Livestock on public lands outnumbers wild horses. In some herd management areas, by up to FIFTY to ONE, yet they keep rounding up more horses to give the forage to cows and sheep being raised for their meat. The cattle ranchers are powerful and rich and lobby the government to keep taking wild horses off public lands so they can have all the grazing for their livestock. Add to that mining interests who want land for coal, gold, uranium, lithium…the list is endless but lucrative.
In 1971, the U.S. Congress passed the Wild Free-Roaming Horse and Burro Act to protect mustangs that were being killed for their meat in enormous numbers. The act declared that wild horses and burros are "living symbols of the American West" and the Bureau of Land Management was charged with the protection, management, and control of mustangs. Since then, they have rounded up over 250,000 horses. The ones that survive live sad and bleak lives in small, dusty pens with no shade from the sun in summer and no shelter from icy temperatures in freezing winters.

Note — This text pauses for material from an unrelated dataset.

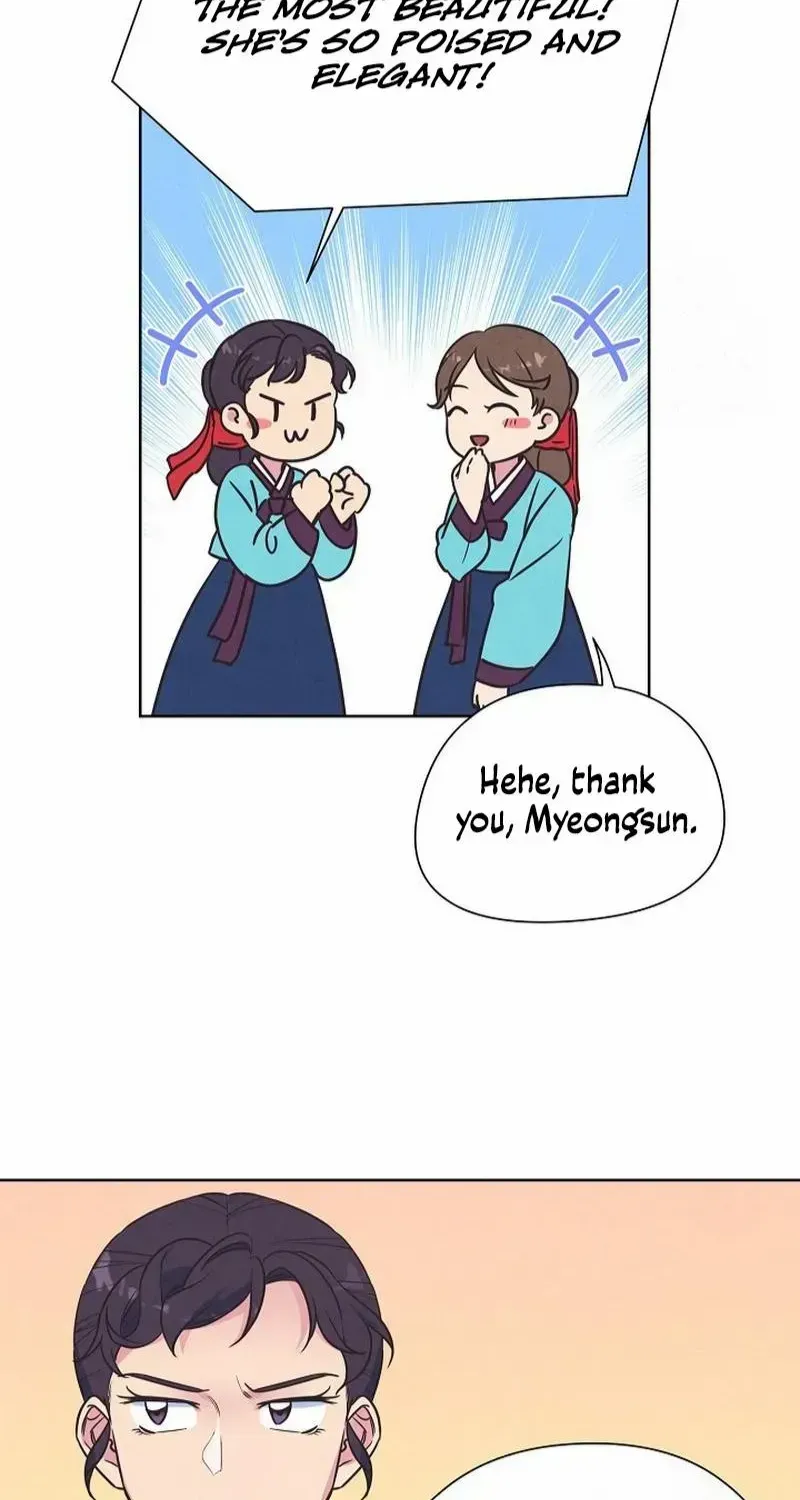 Love and Wifi in The Palace Chapter 15 page 17 - 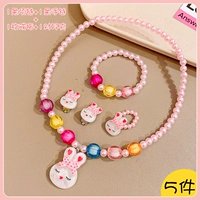 Розовый кролик, 5 шт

The roundups themselves are brutal for the horses. They are chased for miles by helicopters into small catch pens where horses often break their necks fighting to escape or desperately trying to get back to the families they are separated from. Horse advocates have had to fight every roundup, for humane conditions at gathers and even to observe them at all. We also want the BLM to keep better, more detailed records of these families when they are captured so that people adopting one horse can also have the option of reuniting family members and bands.
We at SKYDOG are determined to continue to expose every flaw in this broken system and fight for the rights of these wild horses until they are treated better, are given decent care in holding pens, and give the wild ones the right to live free as they were meant to.